# Task prompt:
Transcribe the listing in full, word for word; pictures do not belong in the copy.

# Data segment:
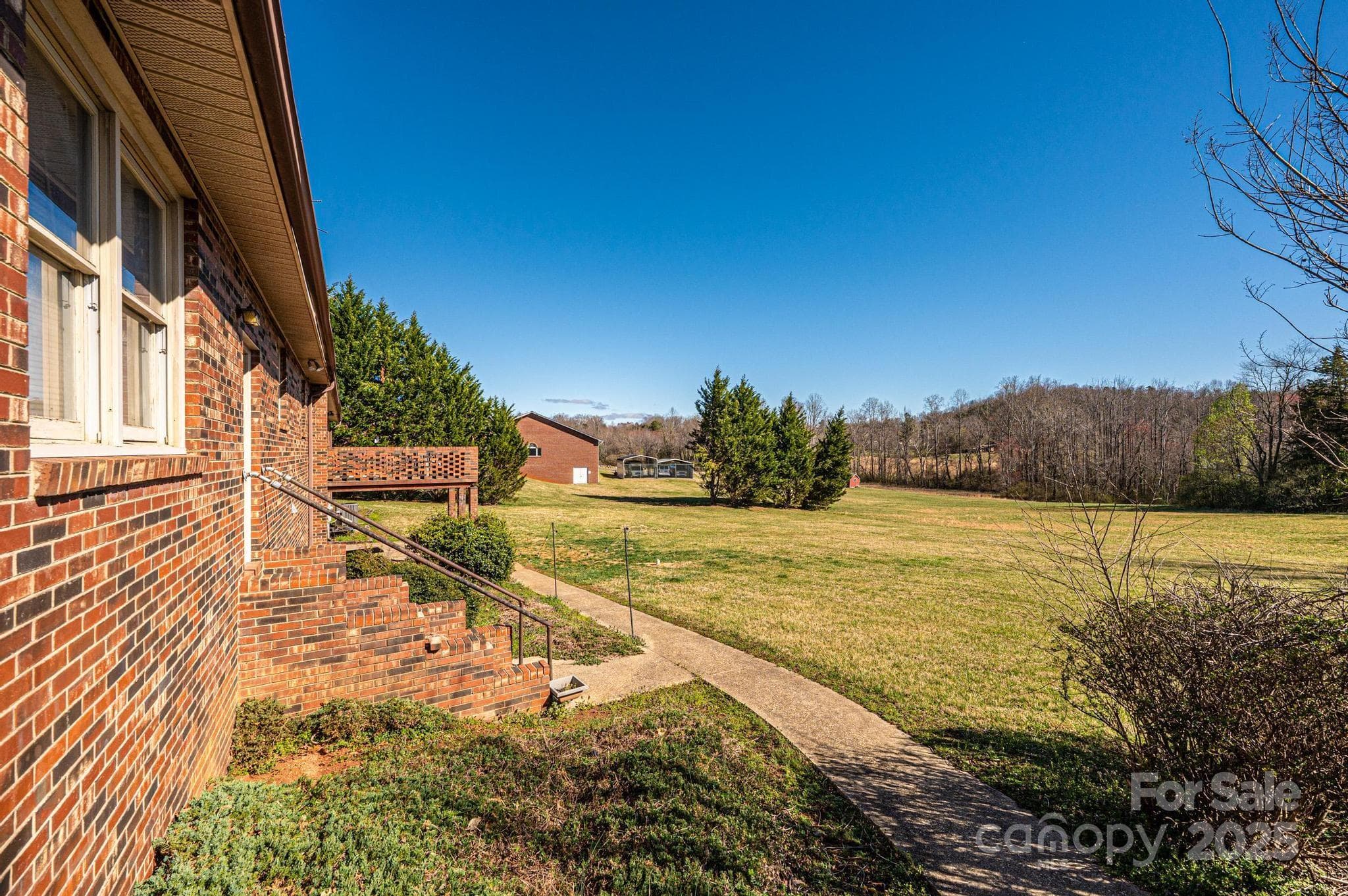 Single Family Residence at Lenoir, photo 10 of 42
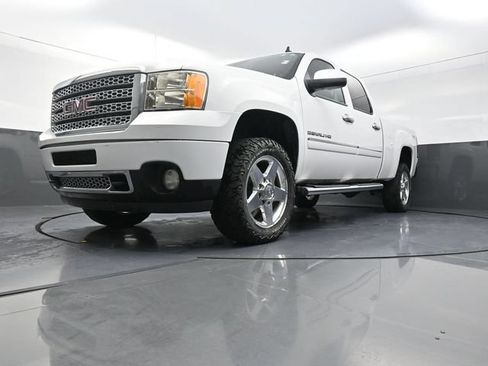 Used 2012 GMC Sierra 2500 Denali AWD/4WD image 33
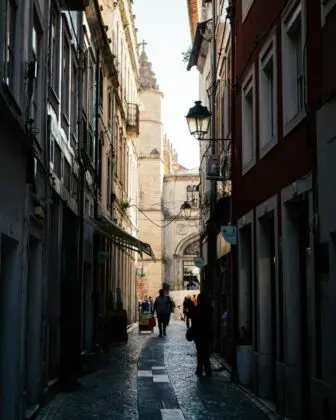 portugal-coimbra-edgar-8Tv0n6c35FI-unsplash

# Answer section:
 Single Family Residence at Lenoir, photo 10 of 42
 Used 2012 GMC Sierra 2500 Denali AWD/4WD image 33
 portugal-coimbra-edgar-8Tv0n6c35FI-unsplash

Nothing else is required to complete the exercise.